Komisi IV menyatakan akan melakukan peninjauan ke Papua untuk mengetahui dampak kerusakan lingkungan dari limbah yang disebabkan oleh Freeport. Sulaeman menuturkan pencemaran limbah tailing telah berdampak terhadap mata pencaharian masyarakat setempat, karena laut tercemar hingga menimbulkan penyakit, terutama bagi anak-anak kecil yang kulitnya sensitif. Ia menambahkan masyarakat juga kesulitan untuk mencari air bersih sebab mereka harus mencari ke tempat yang jauh, ditambah akses jalan yang sulit karena adanya pendangkalan sungai. “Kami akan melakukan rapat dengar pendapat sekali lagi dengan mitra. Kami undang semua di Komisi untuk membahas bersama-sama melibatkan juga pimpinan daerah, gubernur, dan juga bupati, dan mungkin mitra lain yang juga akan kami libatkan,” kata Sulaeman.
Ironi, itulah yang tampak dari kasus pencemaran limbah tailing dari PT Freeport, yang terjadi di tanah Papua. Beroperasi selama lebih dari setengah abad, faktanya rakyat Papua tidak menikmati hasil dari tambang emas terbesar di dunia tersebut. Freeport mengeruk emas, sementara masyarakat hanya dapat ampas dan limbah, sampai terjadi kerusakan alam yang merugikan masyarakat Papua. Bagi warga Papua, khususnya wilayah Mimika, sungai adalah tempat mereka hidup dan mencari nafkah. Dan akibat dari pencemaran limbah tailing ini, sungai-sungai di Mimika tercemar, mereka sulit untuk mencari air bersih dan menyebabkan pendangkalan sungai. Sedangkan warga asli Papua, terutama suku Kamoro dan Sempan yang dikenal dengan budaya 3S (sungai, sampan, dan sagu), saat ini mulai hilang akibat efek pencemaran limbah tailing .
Kaya SDA, tetapi masyarakatnya merana dan sengsara. Begitulah Ironi Papua hari ini, sangat disayangkan rakyat yang harusnya bisa menikmati hasil dari sumber daya alam yang kita punya, akan tetapi rakyat sama sekali tidak bisa menikmatinya. Ini bukti dari salahnya pengelolaan SDA yang lahir dari sistem kapitalis, inilah biang kerok dari segala kerusakan yang terjadi.
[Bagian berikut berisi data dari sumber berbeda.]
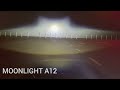 MOONLIGHT A12 Bi-Led Lens | Bi Led MOONLIGHT A12 | BI LED MOONLIGHT | MOONLIGHT LENS | Світло лінзи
Keserakahan telah melalaikan penjagaan lingkungan yang penting untuk umat manusia, dan bahkan membahayakan kehidupan.
Keserakahan adalah watak sejati dari kapitalis, mereka tidak memikirkan bagaimana dampak yang terjadi, yang mereka pikirkan hanya keuntungan semata. Penerapan sistem kapitalisme yang membuka lebar pintu investasi asing dan liberalisasi serta eksploitasi SDA. Sifat bawaan kapitalisme yang rakus dan serakah akan selalu berujung pada kerugian banyak pihak, terutama manusia dan lingkungan.
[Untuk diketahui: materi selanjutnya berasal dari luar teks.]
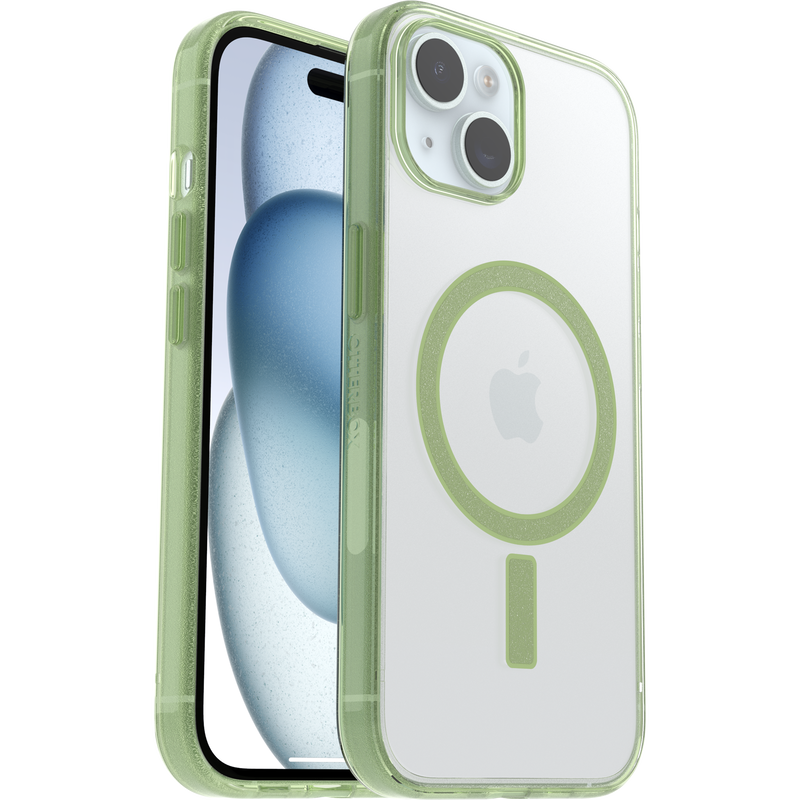 product image 1 - iPhone 15 Hülle Lumen Series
Tentu hal ini sangat jauh berbeda dengan sistem Islam. Karena Islam memiliki aturan tertentu dalam pengelolaan SDA yang merupakan kepemilikan umum seluruh rakyat. Pengelolaan SDA oleh negara Islam tentu akan berjalan pada prinsip kemaslahatan umat sehingga lingkungan tetap terjaga, karena keberadaan lingkungan yang baik akan berpengaruh terhadap keberlangsungan kehidupan manusia. Dalam sistem Islam, masyarakat akan menikmati hasil SDA dengan merata, mudah dan murah. Karena dikelola berdasarkan syariat Islam, sementara SDA yang dikelola kapitalisme justru lebih banyak dinikmati kapitalis ataupun korporasi, karena merekalah pemilik modal yang akan menanamkan modalnya dan mengelolanya berdasarkan hawa nafsu semata.